(918): Technically ya I did. Hes tried to get down my pants like 3 times now and every time I have been all “these are not the Droids you are looking for”
(478): How the fuck did I get back? Last thing I remember is being on some hot guy’s shoulders yelling at girls shaking their asses
(770): We’ll talk about it later…
(971): Yeah. It’s just like I have his virginity and he has my shoes and where do we go from here.
(612): It’d be easier to list the surfaces my ass hasn’t been on.
(407): I don’t think I can recall what a 23 year old cock felt like if one slapped me in the face.
(320): What happened to my face?
(715): You kneed yourself in the eye during the Harlem Shake.
(715): It was impressive.
(317): You need a sexual gate keeper
(231): Took “drink until he’s cute” to a whole new level last night…
(603): There’s a bus with a band full of dancing women in bras. I think I like it here.
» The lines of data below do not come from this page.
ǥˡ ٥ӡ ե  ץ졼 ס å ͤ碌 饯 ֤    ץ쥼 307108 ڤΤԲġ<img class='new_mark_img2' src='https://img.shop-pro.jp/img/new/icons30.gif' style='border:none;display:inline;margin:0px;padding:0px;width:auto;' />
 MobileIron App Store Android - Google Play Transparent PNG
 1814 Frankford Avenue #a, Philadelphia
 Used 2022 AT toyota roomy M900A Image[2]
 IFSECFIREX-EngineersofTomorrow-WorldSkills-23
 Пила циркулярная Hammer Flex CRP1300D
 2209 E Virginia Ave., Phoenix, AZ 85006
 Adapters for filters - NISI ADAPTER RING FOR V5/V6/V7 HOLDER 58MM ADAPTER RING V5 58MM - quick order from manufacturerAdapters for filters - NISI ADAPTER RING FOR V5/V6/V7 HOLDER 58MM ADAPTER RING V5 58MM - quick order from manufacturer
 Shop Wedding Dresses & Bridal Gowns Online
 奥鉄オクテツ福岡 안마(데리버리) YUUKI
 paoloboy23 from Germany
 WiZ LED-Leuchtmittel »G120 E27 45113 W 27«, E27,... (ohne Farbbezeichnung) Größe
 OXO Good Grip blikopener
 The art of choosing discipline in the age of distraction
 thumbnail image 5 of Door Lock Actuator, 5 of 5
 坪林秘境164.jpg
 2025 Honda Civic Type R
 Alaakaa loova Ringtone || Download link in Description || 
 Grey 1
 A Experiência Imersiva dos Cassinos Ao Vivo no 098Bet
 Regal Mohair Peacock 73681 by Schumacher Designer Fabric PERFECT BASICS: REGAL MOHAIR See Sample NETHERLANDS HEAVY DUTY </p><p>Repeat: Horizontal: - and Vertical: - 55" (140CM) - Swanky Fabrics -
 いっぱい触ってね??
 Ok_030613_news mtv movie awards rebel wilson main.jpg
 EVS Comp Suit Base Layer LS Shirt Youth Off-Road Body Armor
(417): I just crashed on my couch and have no intention of ever getting up again
(1-417): I will be over with a bedpan and beer
(403): I am his drunk Jesus. I will love him from afar because he’s my little lamb
(859): The two of us decided to throw a spur-of-the-moment parade and the next thing I know we’re 4 miles down the road being followed by 65 drunk strangers
(334): I have no idea. He was just running around wearing a horse mask yelling “bumfuck” repeatedly. We figured we’d just let him get it out of his system.
(570): Sit down my child. It’s time you were told of my famous loss-of-virginity story entitled, “The Penis that Never Could.”
(216): Just saw a dude dressed as captain america driving down the highway. He saluted me.